The code I used for testing was almost the same as what I used for other tests throughout writing the chapter. I decided to test the various bounding box implementations with the query to find all pairs of cities in Texas that are at least 5 but at most 10 kilometers apart, and to test the dynamic bounding box implementations with the query to find the nearest city to each city in the USA. Both queries are included in the chapter, so I won’t repeat them here. The Texas query was included in six versions (“Wrong”, “Fix1”, and “Fix2”, in both the T-SQL and the CLR versions); the nearest city query was even included in nine versions (the three CLR versions, plus six versions of the T-SQL version, employing each of the six versions of the neighborhood search). Each of these 15 test cases was enclosed in a loop that clears the cache, then calls the query ten times so that one in ten tests was on a cold cache. Results of the queries were stored in a temporary table that was subsequently truncated, to make sure that network traffic and speed of formatting and outputting results did non influence the test results. All this was then enclosed in an endless loop that I left to run on my laptop for three days, after which each of the fifteen test cases was executed a total of 3,000 times.

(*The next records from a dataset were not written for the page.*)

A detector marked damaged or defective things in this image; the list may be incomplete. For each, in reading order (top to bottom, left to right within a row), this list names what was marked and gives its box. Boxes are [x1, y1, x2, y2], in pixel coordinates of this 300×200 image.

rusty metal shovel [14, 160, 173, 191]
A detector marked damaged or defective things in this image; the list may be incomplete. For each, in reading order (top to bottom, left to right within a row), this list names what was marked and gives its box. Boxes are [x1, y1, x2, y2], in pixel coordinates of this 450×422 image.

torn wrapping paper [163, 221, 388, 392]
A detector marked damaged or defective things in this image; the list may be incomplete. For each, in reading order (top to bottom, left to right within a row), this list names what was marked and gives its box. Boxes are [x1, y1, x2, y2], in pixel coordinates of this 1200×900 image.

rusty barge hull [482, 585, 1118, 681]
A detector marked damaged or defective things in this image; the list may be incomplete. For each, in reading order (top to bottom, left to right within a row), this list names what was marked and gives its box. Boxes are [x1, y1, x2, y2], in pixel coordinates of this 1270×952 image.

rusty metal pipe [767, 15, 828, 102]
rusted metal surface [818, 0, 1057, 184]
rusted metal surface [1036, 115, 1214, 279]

The average execution times, ordered by test case and performance, were as follows:
Testcase Version Avg.Duration
-------- -------------------------------- ------------
Texas CLRNeighbors, fix 1 361.28
Texas CLRNeighbors, fix 2 362.31
Texas CLRNeighbors, original 362.77
Texas SQLNeighbors, fix 2 420.75
Texas SQLNeighbors, fix 1 439.24
Texas SQLNeighbors, original 442.00
DynBB SQL with CLRNeighbors, original 12243.28
DynBB SQL with CLRNeighbors, fix 2 12251.26
DynBB SQL with CLRNeighbors, fix 1 12265.54
DynBB SQL with SQLNeighbors, fix 2 14043.38
DynBB SQL with SQLNeighbors, original 14419.06
DynBB SQL with SQLNeighbors, fix 1 14424.31
DynBB Completely in CLR, original 15588.18
DynBB Completely in CLR, fix 1 15626.54
DynBB Completely in CLR, fix 2 15652.72
As you see when you analyze these numbers, my expectations were trashed. Only two out of five tests confirmed my expectation of the original but incorrect algorithm being fastest. And these two disagree about which fix is best. The other tests also disagree about the relative performance of each of the fixes. I must admit that I am completely unable to explain the numbers I got from my performance tests – so if any of you readers can enlighten me, please do!

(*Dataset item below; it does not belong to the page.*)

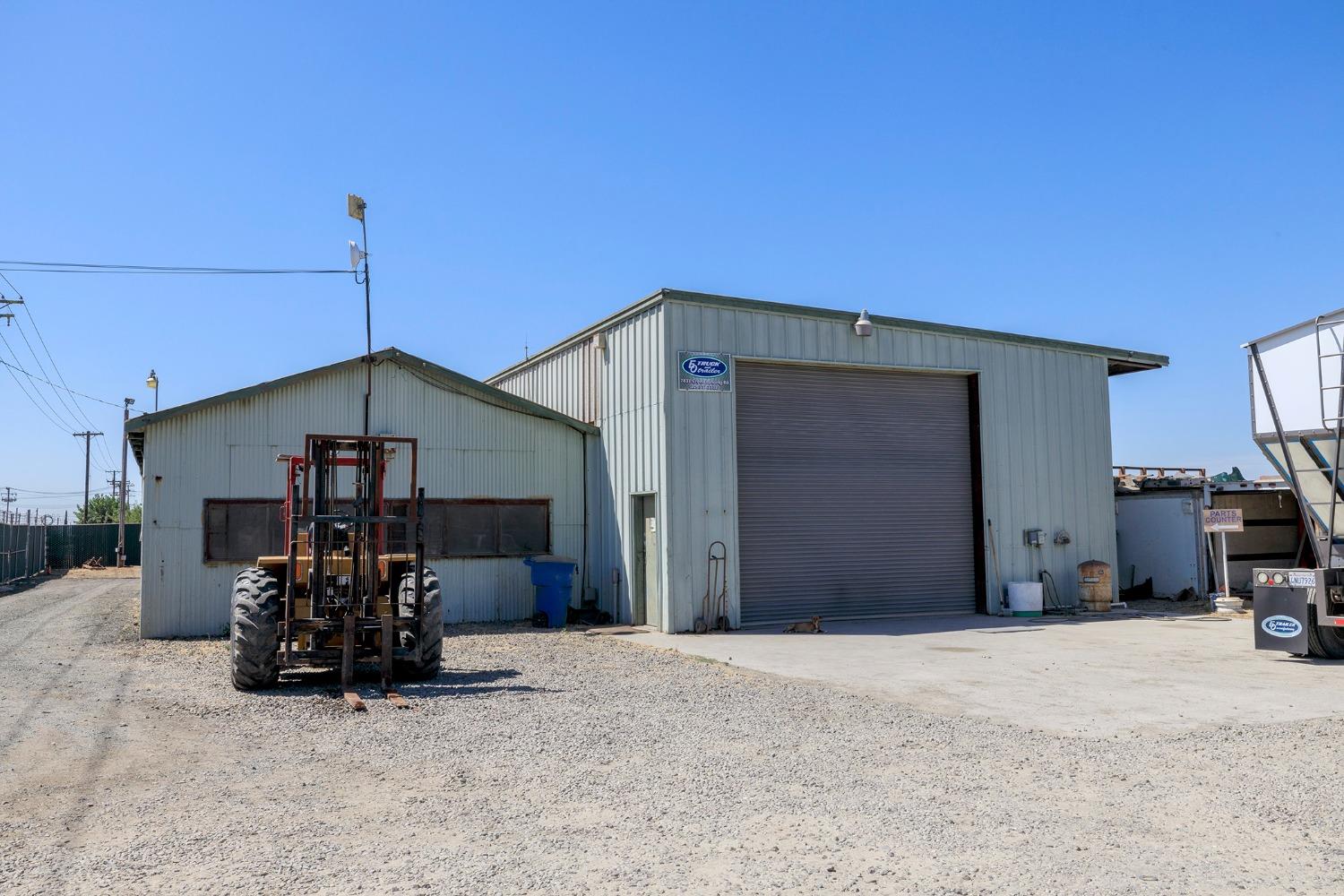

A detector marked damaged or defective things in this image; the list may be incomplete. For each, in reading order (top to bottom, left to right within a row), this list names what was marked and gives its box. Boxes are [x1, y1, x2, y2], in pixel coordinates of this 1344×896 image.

rusty barrel [1081, 561, 1113, 609]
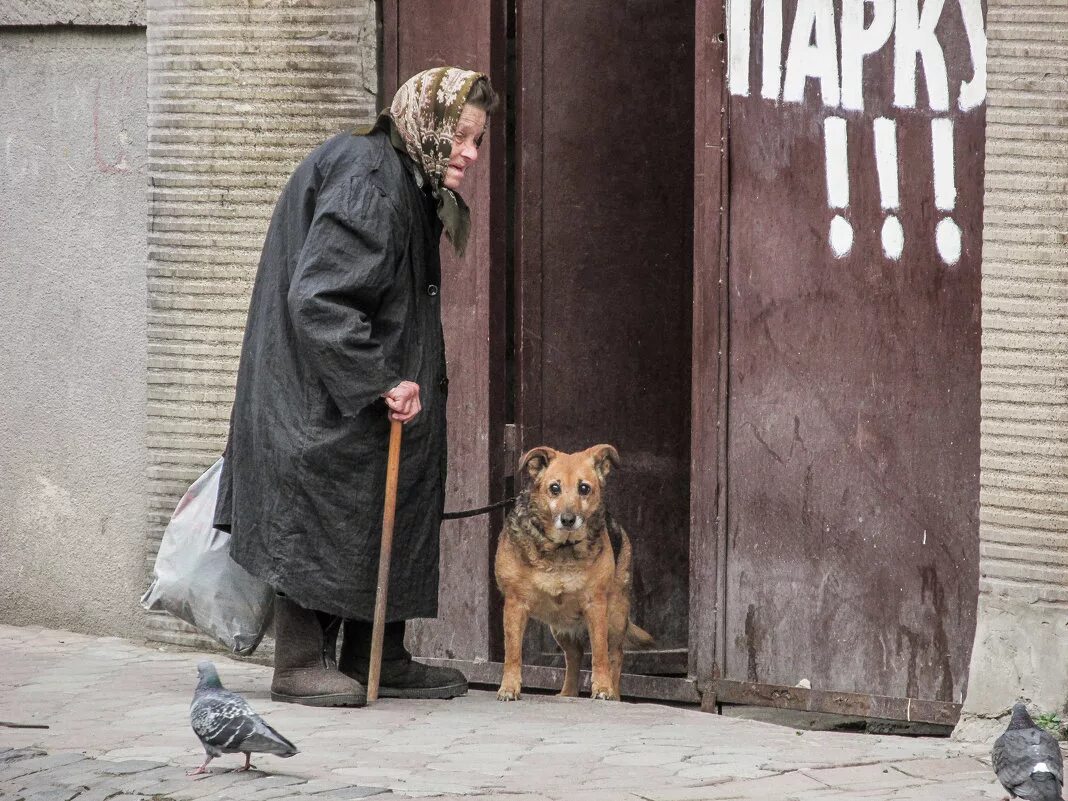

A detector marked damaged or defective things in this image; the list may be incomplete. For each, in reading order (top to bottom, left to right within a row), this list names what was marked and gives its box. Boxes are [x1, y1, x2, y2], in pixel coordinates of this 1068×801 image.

rusty metal door [516, 0, 700, 680]
rusty metal door [720, 0, 988, 720]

One thing does stand out clear from these results: the differences between the original version and the two fixed versions are very small. Since there is no performance argument to choose either of the fixed versions over the other, my preference would lean towards the “cleaner” solution described in this post and implemented in the “Fix2” versions of the code, but it appears that the quick and dirty fix implemented in the “Fix1” versions can be used just as well. The original version should of course be removed from your system – not because of its performance, but because it’s incorrect. And that should be the nightmare of any database developer, just as it is the nightmare of any DBA.